Frame challenge: You describe needing to iterate through the rows in reverse order, while keeping the columns of each row in the same order, as input to a transformation algorithm.
Can You Access the Data in the Correct Order?
If you have control over the transformation algorithm, you can instead access the elements in a different order, such as:
// Width w and total size n are already computed, w <= INT_MAX, and n <= PTRDIFF_MAX.
for (ptrdiff_t i = n - w; i >= 0; i -= w) { // i must be SIGNED and wide enough!
    for (int j = 0; j < w; ++j) { // j should have the same signedness as i.
        const auto pixel_ij = *(buffer + i + j);
        /* ... */
You could instead slice the array into rows with std::span or std::ranges::subrange as your slice type, and pass those slices to algorithms that use the range interface.

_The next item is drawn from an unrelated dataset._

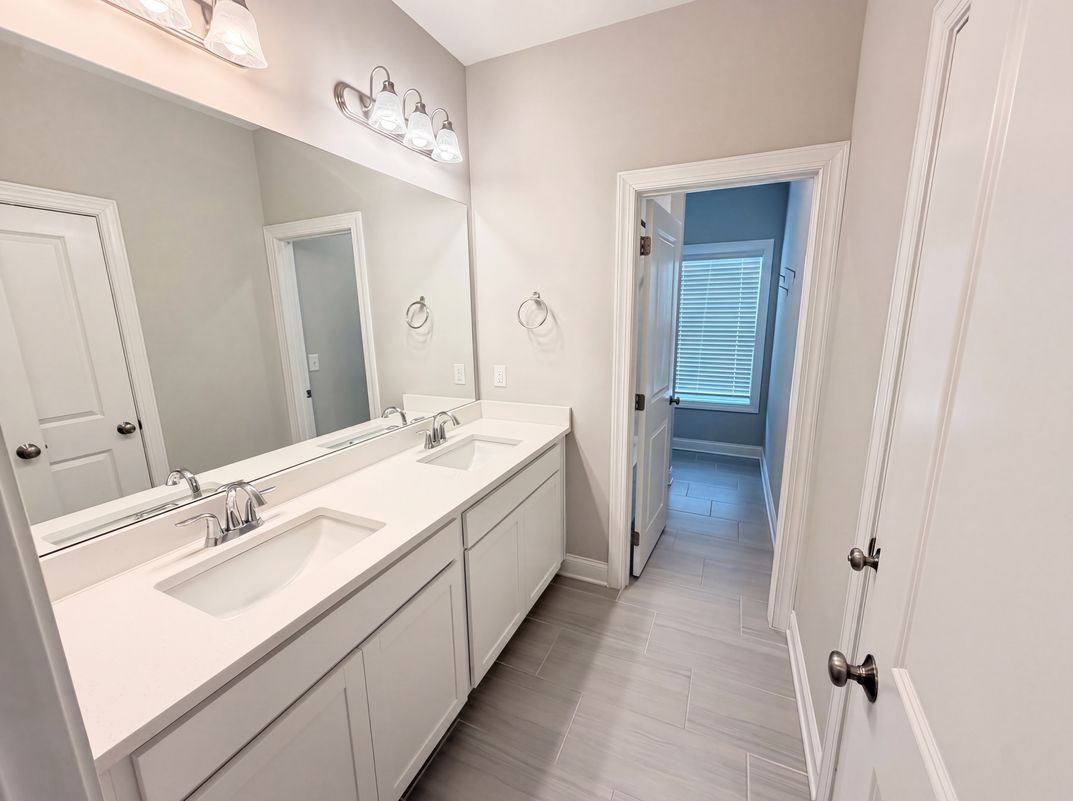 Photo 9 of 27 of 820 Pennington View Ln, Alpharetta, GA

An alternative using ranges and adapters is to reverse a chunk view, as in Toby Speight’s excellent answer, but instead of collecting the data to a vector, flatten the view.
In a more complicated convolution, you might separately calculate the addresses of two input rows, counting down here and up elsewhere, possibly as array slices or std::span, then iterate over the elements of the two rows in parallel.
Can You Permute in Place?
You can apply the algorithm for reversing an array in place to an array of rows.  That is, you can find the addresses of the rows starting from the top and counting down, and the addresses of the rows starting from the bottom and counting up, swap the two rows element-wise, and stop when the addresses meet in the middle.

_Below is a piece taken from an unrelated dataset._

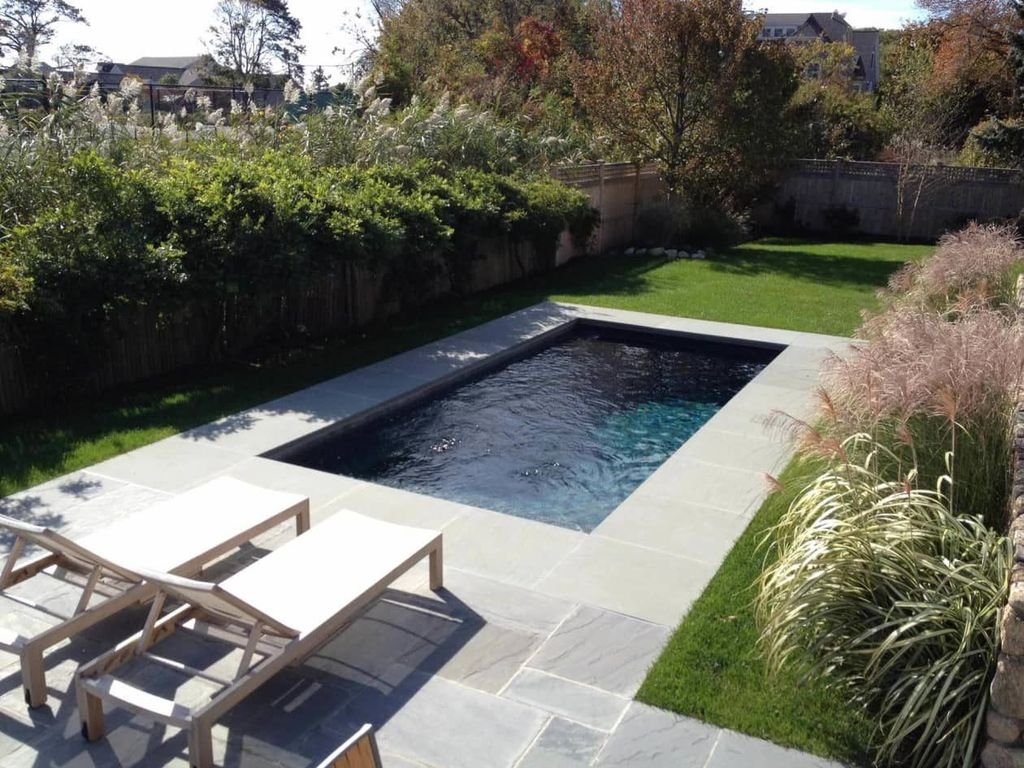 Excellent Small Swimming Pools Ideas For Small Backyards 24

Feedback on the Code as Written
Make The Permute Operation a Function
Not only is this better organization that putting everything in main, it lets you chain the returned vector, such as transform(permutePixelRows(getRawImage(camera))).
You might accept the input as a std::vector<double>&& that can be permuted in place, then return the permuted input vector (by move).  Alternatively, it could accept an input range and an output range, and return the output range.
Optimizing with Vector
First, you want to avoid allocating a std::vector off the heap within each iteration of the loop, as in:
    for(int i=0; i < h; ++i){
        vector<double> b;
This slows the loop down immensely and inhibits vectorization. Since each row has the same width, if you need a temporary buffer to hold a row, you can allocate it once before the loop, and overwrite it on each iteration.
Consider taking the output buffer as a parameter (possibly std::span<double>, which can alias any array-like contiguous data structure, or you could make it a template for any output range that supports std::begin(dest) and std::end(dest)).  This lets the caller fill any range of memory it owns.
If you stick with creating your own std::vector to hold the output data, it is faster than push_back to resize to the known final size, obtaining an initialized output buffer, and copy or move the input data to the correct offsets within the output buffer.
In 2025, inserting one element at a time at the end causes compilers to actually call the non-trivial push_back code each time, and copying to a pre-allocated output buffer does not.  If you must build your output as you go, at least copy a row of data at a time to minimize the number of bounds checks.  This is explicitly what Toby Speight’s excellent solution (which is very easy on the eyes) does.
However, you could also use the access pattern in the first code sample to fill an empty std::vector in order, which could give you simple code.
However you do, you probably want to call shrink_to_fit before you return, since you almost certainly will not be appending any more elements to the buffer.